■ **Data**

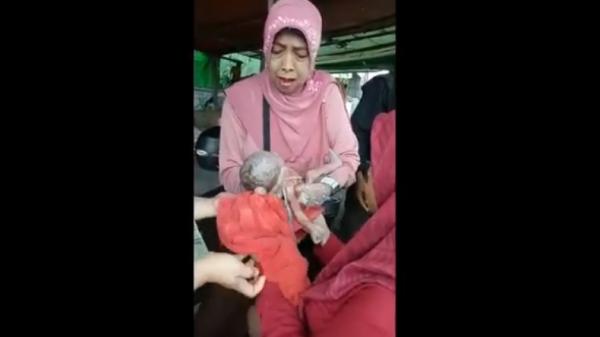 Ibu di Pontianak melahirkan di pinggir jalan Ibu di Pontianak, Kalbar melahirkan di pinggir jalan karena motor suami mogok (Uun Yuniar/MNC Portal)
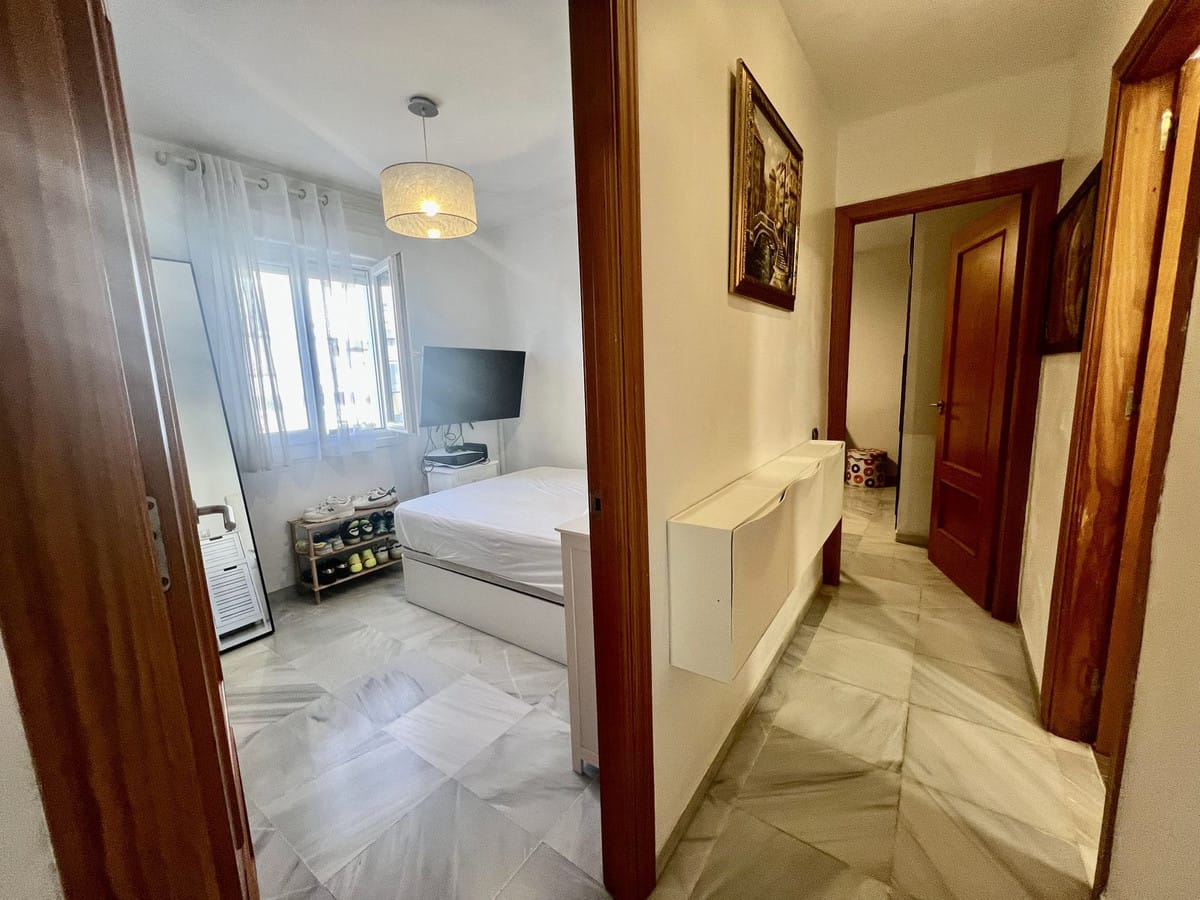 Appartement met drie slaapkamers in Estepona in Estepona - foto 4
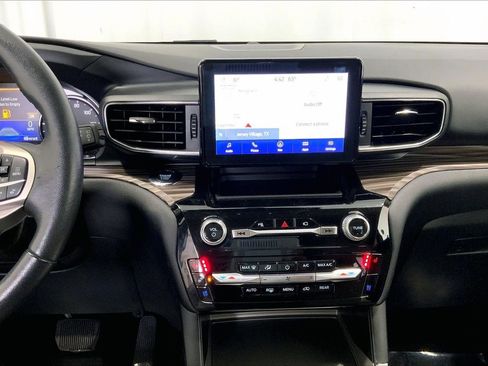 Used 2023 Ford Explorer Limited AWD/4WD image 5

■ **Your assignment**
Write out, exactly and only, the lines from the one containing "Appartement met drie" through the last line of the material above. Pictures do not go in the copy.

■ **Solution for this exercise**
 Appartement met drie slaapkamers in Estepona in Estepona - foto 4
 Used 2023 Ford Explorer Limited AWD/4WD image 5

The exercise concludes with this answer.